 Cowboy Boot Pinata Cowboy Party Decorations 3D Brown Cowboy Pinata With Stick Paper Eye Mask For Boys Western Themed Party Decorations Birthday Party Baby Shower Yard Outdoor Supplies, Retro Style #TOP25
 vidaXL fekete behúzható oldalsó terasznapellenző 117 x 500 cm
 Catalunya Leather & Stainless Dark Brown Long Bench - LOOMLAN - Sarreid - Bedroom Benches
...
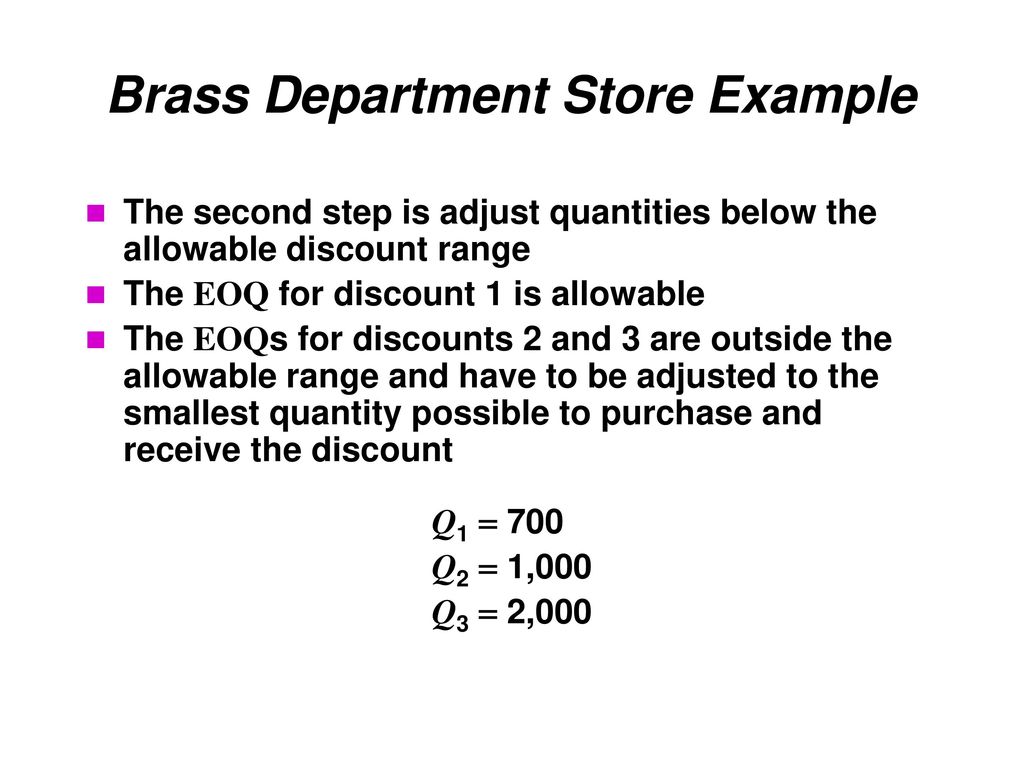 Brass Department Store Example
--
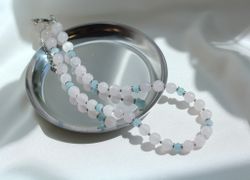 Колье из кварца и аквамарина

### Task requirements
In the material above, find each line that has the string "Brown" and return it.

### Answer space
 Cowboy Boot Pinata Cowboy Party Decorations 3D Brown Cowboy Pinata With Stick Paper Eye Mask For Boys Western Themed Party Decorations Birthday Party Baby Shower Yard Outdoor Supplies, Retro Style #TOP25
 Catalunya Leather & Stainless Dark Brown Long Bench - LOOMLAN - Sarreid - Bedroom Benches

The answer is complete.